*Exercise description*: Your answer should hold exactly the lines from the one containing "Seven evine alıp beslesin." through the end of the material, and no others.

*Stored data*:
++++++++++
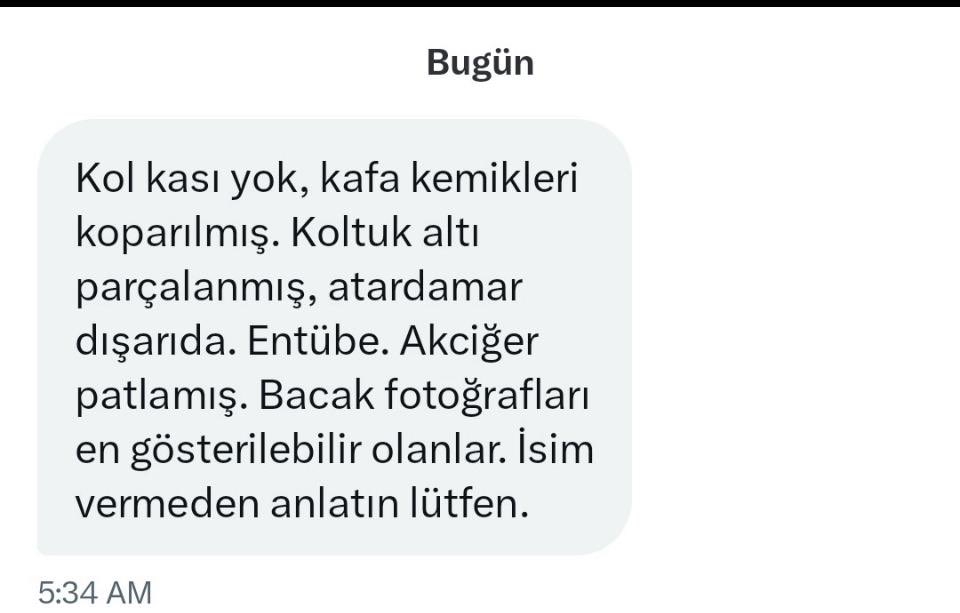 cg_merve's tweet photo. Tunahan’ın babası “benim çocuğuma köpek saldırmadı, çocuğumu köpekler yedi” dediği buymuş…

Sokakta başıboş gezen tüm köpekler uyutulmalı.

Seven evine alıp beslesin. 

Bu saçmalığı destekleyenlerin de Allah tekmilinin birden belasını versin. https://t.co/pSiZKjOR1K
++++++++++
*Answer to this problem*:
Seven evine alıp beslesin. 

Bu saçmalığı destekleyenlerin de Allah tekmilinin birden belasını versin. https://t.co/pSiZKjOR1K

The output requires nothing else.